By   /   October 16, 2013  /   No Comments

TAKING ON TOM: Las Cruces attorney and Republican David Clements wants to challenge incumbent Democrat Tom Udall in the 2014 election for U.S. Senate.

By Rob Nikolewski │ New Mexico Watchdog

SANTA FE – He may not have the name recognition — he certainly doesn’t have the campaign war chest — of U.S. Sen. Tom Udall, but 33-year-old David Clements says the nation fiscal problems are so severe making a run for the U.S. Senate is a chance worth taking.

“Right now, our country is in a lot of trouble, primarily because of our national debt,” Clements told New Mexico Watchdog on Tuesday as he officially announced his candidacy while traveling through Santa Fe. “It’s at $17 trillion and we’ve also seen an erosion of our civil liberties at home … Right now, I believe we’re out of time and if we don’t start solving our issues with debt, we’ll have a whole host of other problems.”

Clements, a Republican, describes himself as a “constitutional conservative” and accuses the Democrat Udall of being part of the reason for the country’s deficits and debt.

“We’re seeing a Congress that believes the federal government should have involvement in every aspect of our lives,” Clements said.

But Clements will have an uphill climb.

Udall, a former state attorney general and member of the U.S. House of Representatives before winning election in 2008 to the Senate, is well-known to New Mexico voters, and the Udall family name is part of a political dynasty in the Southwest.

On top of that, Republicans make up just 32 percent of registered voters in New Mexico.

“If anyone’s going to be competitive with Tom Udall, they need to reach independents,” Clements said. “So I’ve strived to reach relationships with civil libertarians, independents and even some jaded Democrats who aren’t happy with the Obama administration.”
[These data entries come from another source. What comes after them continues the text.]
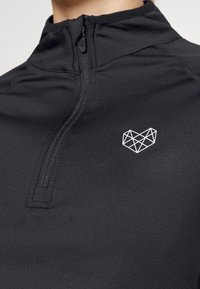 Černý sportovní top s zipem na čtvrt. Na hrudi je geometrické bílé srdíčko. Hladká, přiléhavá tkanina s minimálním počtem švů.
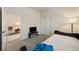 Comfortable bedroom with neutral carpet, a slider closet, a daybed, and soft lighting at 5467 Eleganza Ave, Pahrump, NV 89061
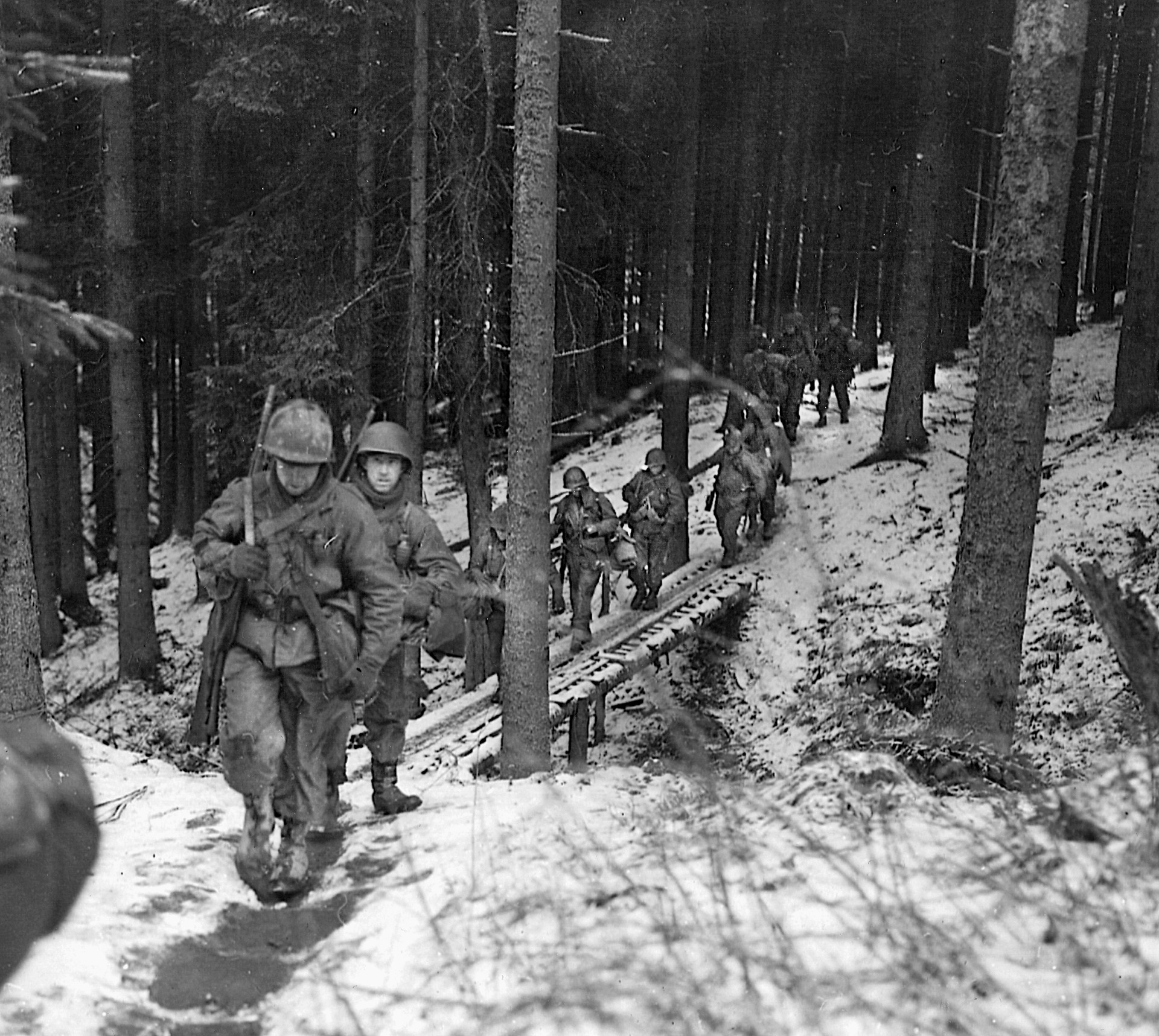 Volksgrenadiers of General der Artillerie Walter Lucht's LXVI Corps were tasked with eliminating the U.S. 106th Division deployed in the snow-covered hills east of St. Vith.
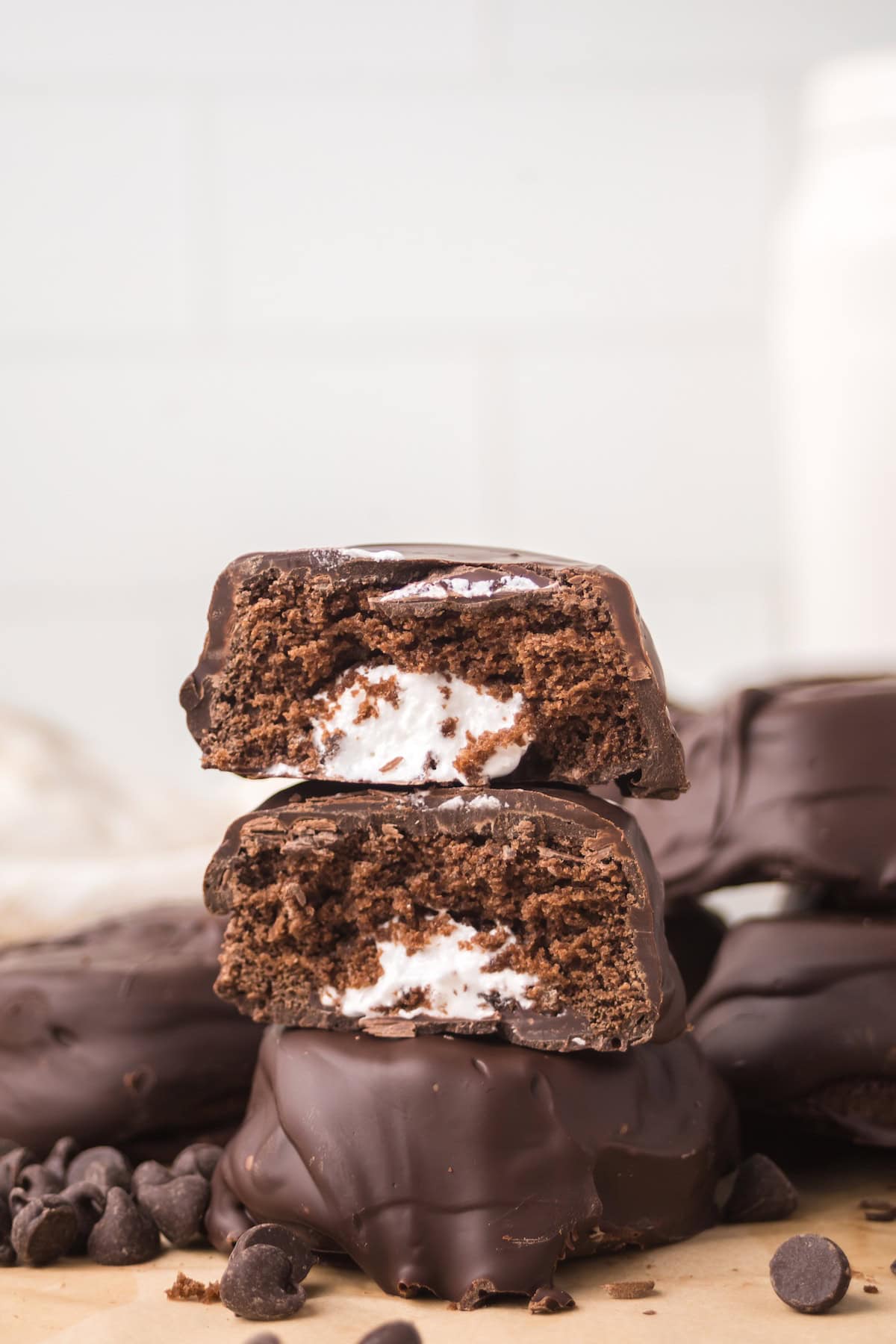 Stacked homemade Ding Dong halves showing chocolate cake layers and fluffy cream filling.
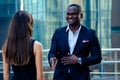 Handsome African American man in a black business suit shaking hand with a businesswoman partner cityscape glass offices Royalty Free Stock Photo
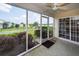 Inviting screened porch with scenic backyard view and ceiling fan at 103 Savannah River Dr, Summerville, SC 29485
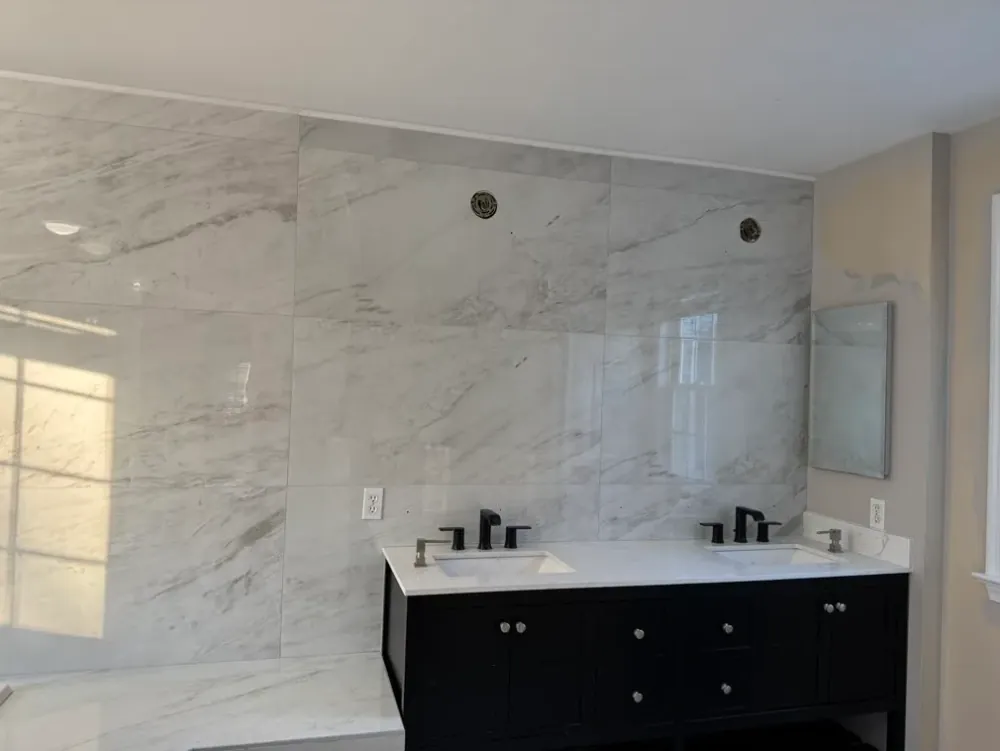 White veined-tile bathroom with corner tub and shower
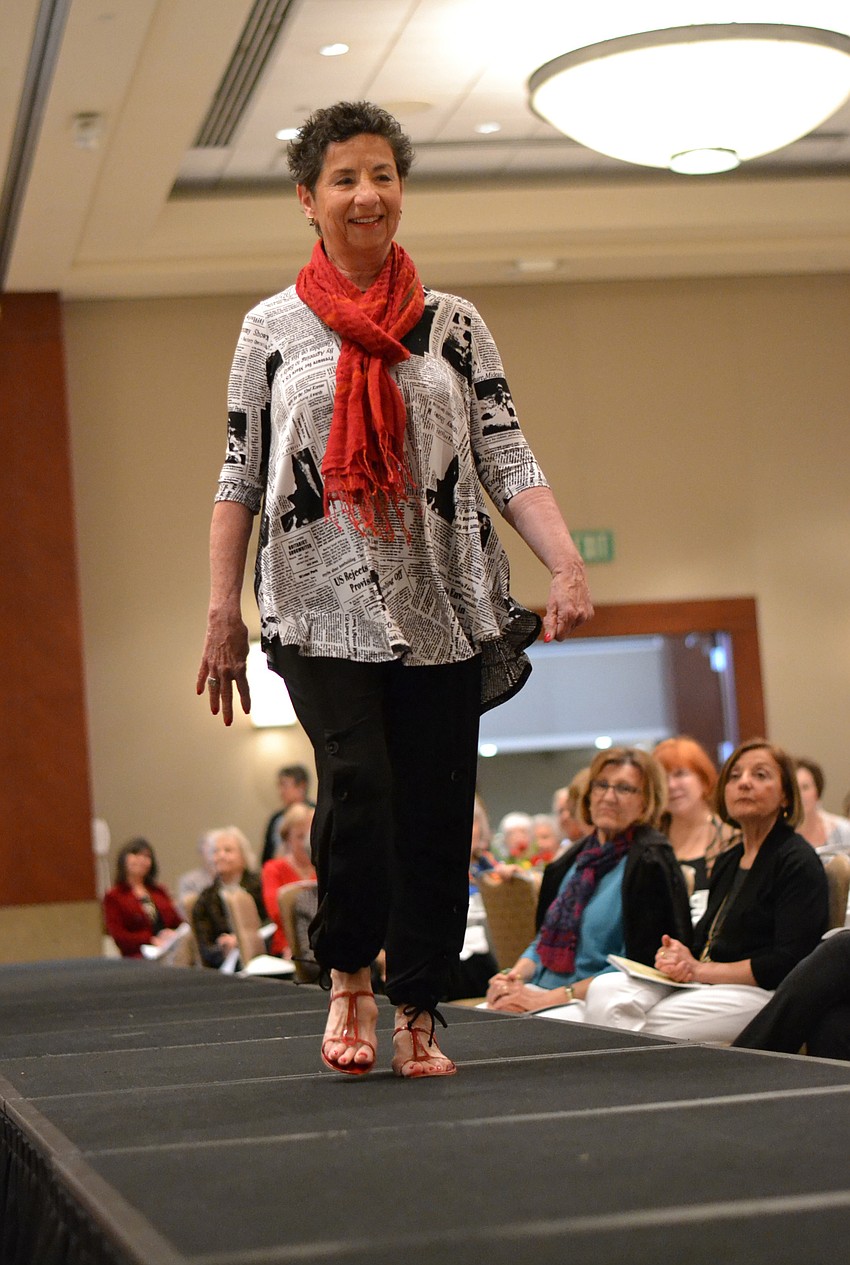 Susan Brown strolls down the catwalk during the Sarasota Garden Club Fashion Show.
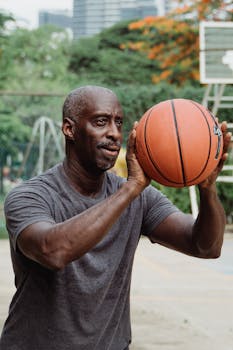 Senior adult African American man focusing on shooting a basketball at an outdoor court.
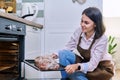 Young woman with meat on baking tray opening oven, kitchen at home Royalty Free Stock Photo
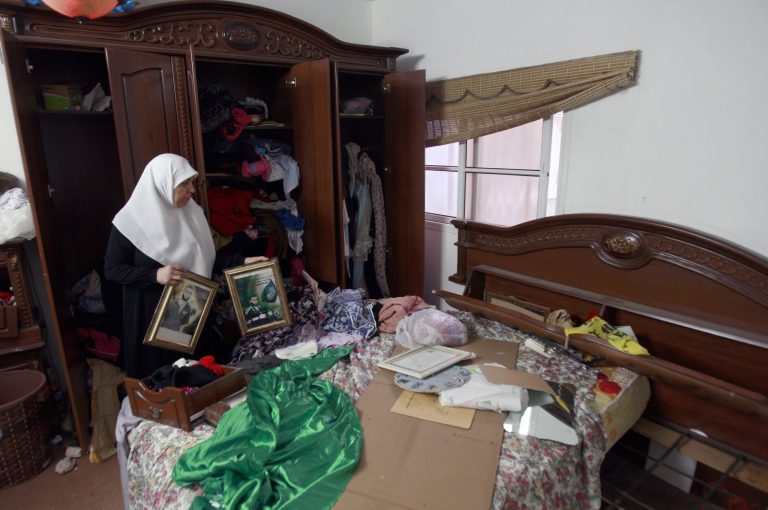 Palestinian Asmaa Abu El-Heija holds pictures of two of her sons as she cleans up her home after a raid by Israeli troops as the army continues feverish searches for three missing Israeli teens, in the West Bank refugee camp of Jenin, Monday, June 23, 2014. El-Heija, who was imprisoned in Israeli jail, has a husband and three sons currently being held, while a fourth son, Hamza, who was a member of the Hamas military wing, the Qassam Brigades, was killed a few months ago by Israeli troops. Israel has arrested more than 350 Palestinians, most affiliated with the Islamic militant Hamas, and raided some 1,600 locations in their search for the three teens. (AP Photo/Mohammed Ballas)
According to the website opensecrets.org, Udall has $1,530,081 cash on hand and so far no primary challenger.

Clements, the only Republican to announce for the Senate race so far, estimates it could cost $7 million to $11 million to run, but he thinks if he can raise half that he can present Udall with a credible challenge.

“If we can resonate with voters who aren’t too happy with either party, you might see a level of support that you may not have to account for when it comes to $7 million to run a race,” Clements said.

Five years ago Udall faced Republican Steve Pearce, who had a good deal of name recognition and some healthy funding on the campaign trail, yet Udall won in a romp, getting 61.3 percent of the vote. What makes Clements think his campaign would be any different?

“Well, I don’t know if I’m going to be any different but I’m going to try,” Clements said, adding that the country’s fiscal condition needs to be fixed. “I’m basically scared for my family, my friends, and desperate times sometimes require desperate measures. That’s one of the reasons I’m running for the Senate.”

Clements is a prosecutor in Las Cruces but says he’ll step down and devote his time to campaigning. He’s never held elected public office but he now chairs the Dona Ana Republican Party — he says he’ll resign from that, as well.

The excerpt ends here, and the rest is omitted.